*What to work on*
Which lines run from the line with "Cheese rolling race" through the line with "9250 The LN, NAPLES FL 34109-10" in the entries below? Print them exactly, both ends included, and nothing more.

*Material provided*
Segment Open
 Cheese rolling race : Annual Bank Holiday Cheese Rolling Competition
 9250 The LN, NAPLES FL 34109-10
Segment Closed
Segment Open
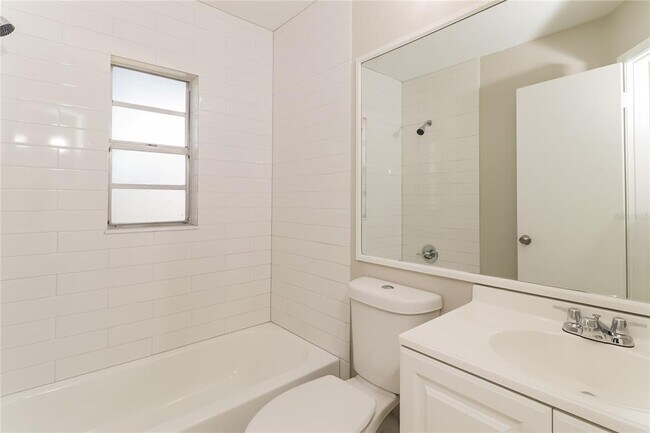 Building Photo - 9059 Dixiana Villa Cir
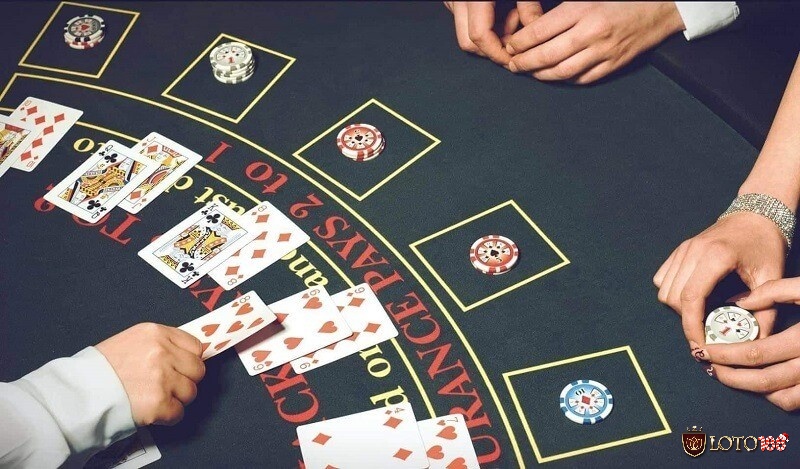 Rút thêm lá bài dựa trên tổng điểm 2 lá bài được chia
Segment Closed
*Solution for this exercise*
 Cheese rolling race : Annual Bank Holiday Cheese Rolling Competition
 9250 The LN, NAPLES FL 34109-10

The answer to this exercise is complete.